Autrui

La deshumanisation de Robinson

Que va devenir Robinson dans son monde insulaire, sans autrui?

Quelques thèmes de réflexion

Pourquoi est-il impossible à Robinson de se sourire à lui-même ?

En quoi le sourire est-il un signe d'humanité?

Mise en situation

« J’ai accompli un geste maladroit ou vulgaire; tant que je me crois seul, ce geste colle à moi, je le vis simplement sans le juger. Mais voici que j’entends des pas : quelqu’un m’a vu! C’est alors que j’ai honte de mon geste et que je deviens objet pour moi-même parce que j’ai été objet pour quelqu’un qui m’a regardé. Autrui est le médiateur indispensable entre moi et moi-même : j’ai honte de moi tel que j’apparais à autrui. »
Sartre, L’Être et le néant.

Pouvez-vous retrouver une expérience personnelle analogue à celle-là, où vous vous êtes reconnu tel ou tel sous le regard d'autrui?


"Un choc formidable ébranla le navire"
Georges Lemoine
Illustration de , Vendredi ou la vie sauvage de Michel Tournier

 

Michel Tournier
Vendredi ou la vie sauvage, Gallimard, 1977, pp. 49-50

[La Virginie a fait naufrage et Robinson, seul rescapé, se retrouve sur une île déserte.

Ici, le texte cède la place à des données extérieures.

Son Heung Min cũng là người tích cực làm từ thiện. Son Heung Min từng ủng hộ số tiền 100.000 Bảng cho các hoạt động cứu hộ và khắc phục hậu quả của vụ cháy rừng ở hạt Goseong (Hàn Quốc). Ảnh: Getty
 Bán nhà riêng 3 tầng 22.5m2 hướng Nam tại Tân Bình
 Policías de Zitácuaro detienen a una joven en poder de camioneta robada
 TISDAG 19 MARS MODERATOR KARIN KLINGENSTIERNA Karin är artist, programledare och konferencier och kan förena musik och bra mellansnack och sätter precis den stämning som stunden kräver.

« Tous ceux qui m’ont connu me croient mort, tous sans exception. Ma propre conviction que j’existe a contre elle l’humanité. Quoi que je fasse, je n’empêcherai pas que, dans l’esprit de la totalité des hommes, il y a l’image du cadavre de Robinson. Cela suffit —non pas certes à me tuer— mais à me repousser aux confins de la vie, dans un lieu suspendu entre ciel et enfers, dans les limbes en somme... »
Michel Tournier, Vendredi ou les limbes du Pacifique ]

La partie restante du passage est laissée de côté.